Embajador de la República Bolivariana de Venezuela ante la UNESCO | Profesor de Ciencias Sociales | Especialista en Historia.

Autoritarismo, supremacismo y el colapso del orden liberal…

En un mundo en transición, donde el orden surgido tras la Segunda Guerra Mundial muestra signos irreversibles de agotamiento, la figura de Donald Trump no representa una ruptura con los valores occidentales, sino más bien su desenmascaramiento. Trump no traiciona la democracia liberal: la reduce a su núcleo crudo y funcional, revelando su carácter elitista, excluyente y supremacista. Su presidencia fue, y sigue siendo, el espejo deformado de una civilización en crisis, que ha ejercido su dominio global bajo los símbolos de la libertad, pero sustentado en el racismo estructural, la violencia imperial y el saqueo sistemático del Sur Global.

Como advirtió Wendy Brown, la democracia liberal no se desmorona por una amenaza externa, sino por “el vaciamiento interno que ha operado durante décadas: la conversión de la ciudadanía en consumo, del disenso en ruido, y del poder público en capital privado”. Trump encarna ese vaciamiento: su asalto a las instituciones, su desprecio por el multilateralismo y su uso del poder como instrumento de venganza revelan una forma de fascismo posmoderno que se acomoda perfectamente en la arquitectura ideológica del Occidente contemporáneo.

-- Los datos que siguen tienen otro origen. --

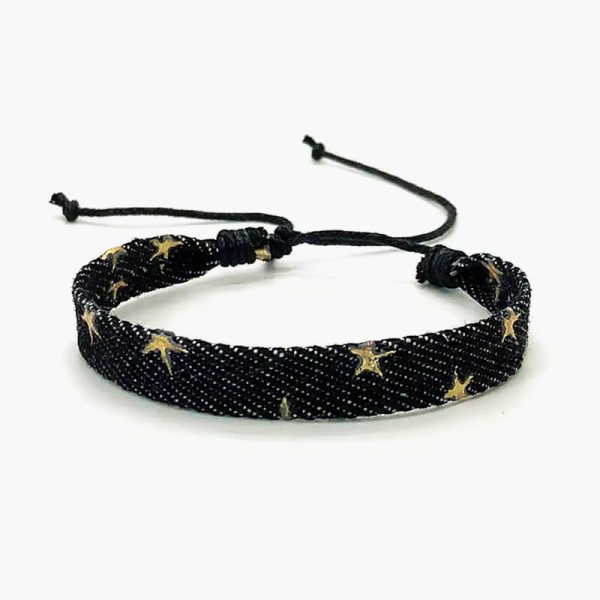 Vintage Handmade Star Punk Blue Denim Man Bracelet for Women Gothic Ethnic Friendship Bracelets & Bangles Jewelry Gift Wholesale - Image 2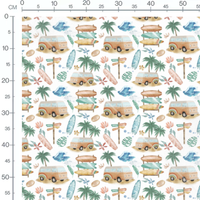 Tissu - Vans et planches de surf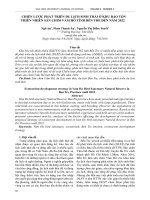 Chiến lược phát triển du lịch sinh thái ở khu bảo tồn thiên nhiên Sân chim Vàm Hồ, tỉnh Bến Tre đến năm 2022
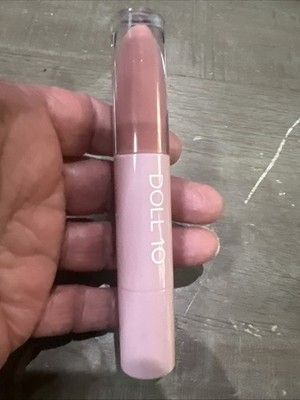 DOLL 10 dual ended PAMPER  Lipstick .13 oz + Lip Gloss .12 oz stick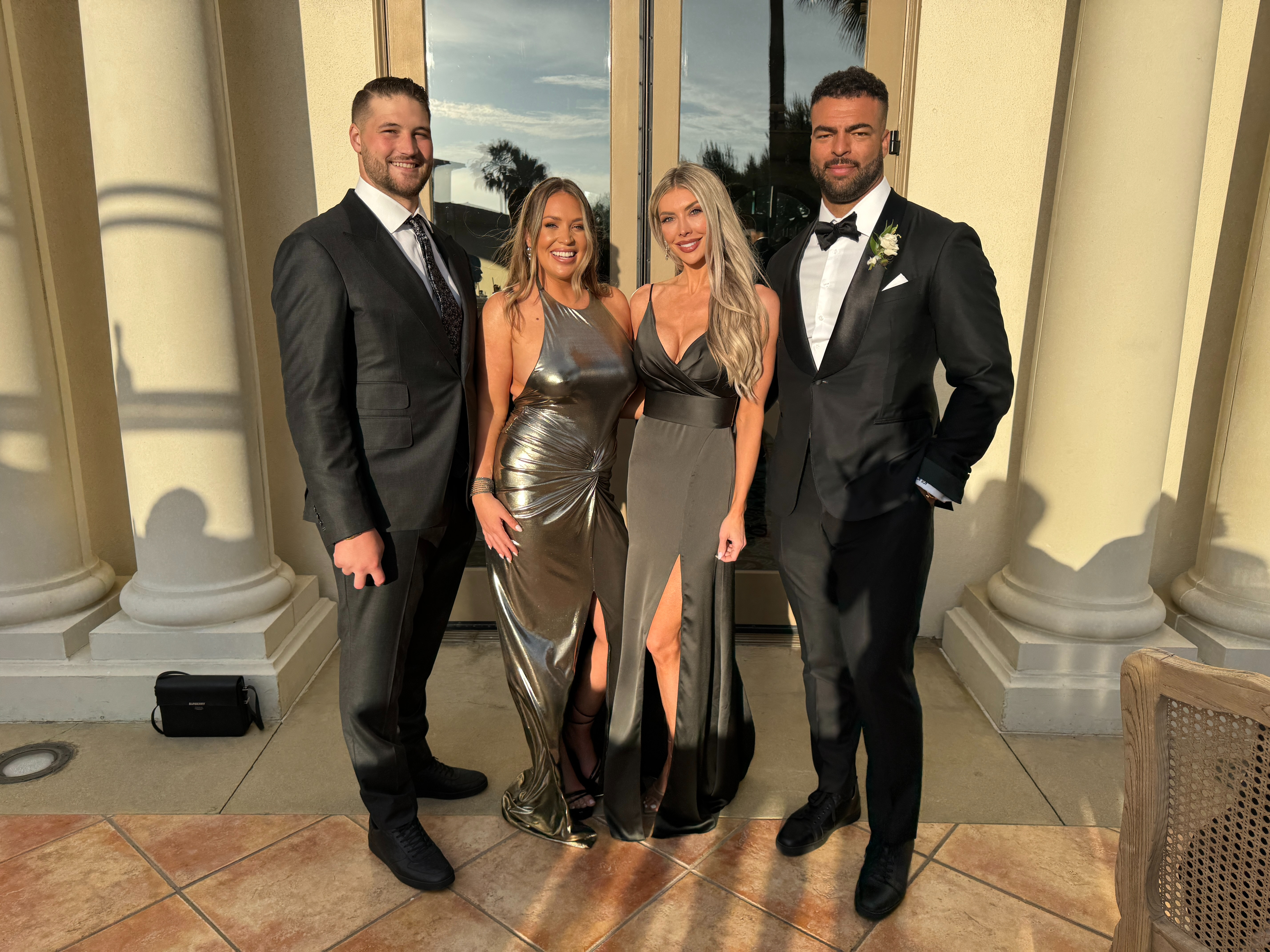 Wedding squad goals 👯‍♀️ My bridesmaid's dress is by Jenny Yoo, but I've linked similar. It looks black in some photos, but it's actually dark green. I had a seamstress alter it to add the belt and a bow in the back for a little something extra.  

 #LTKParties #LTKStyleTip #LTKWedding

Lo que suele presentarse como un “doble estándar” —democracia en casa y dominación afuera— es en realidad una unidad de lógica imperial: hacia adentro, una democracia restringida, racializada, funcional al poder financiero; hacia afuera, una política de guerra, chantaje y saqueo. Como bien afirmara Malcolm X, “no hay democracia para los negros en Estados Unidos, y no hay democracia para los pueblos que se enfrentan al imperialismo norteamericano”. Trump no inventa esta estructura: la encarna y la actualiza en su forma más cínica y brutal.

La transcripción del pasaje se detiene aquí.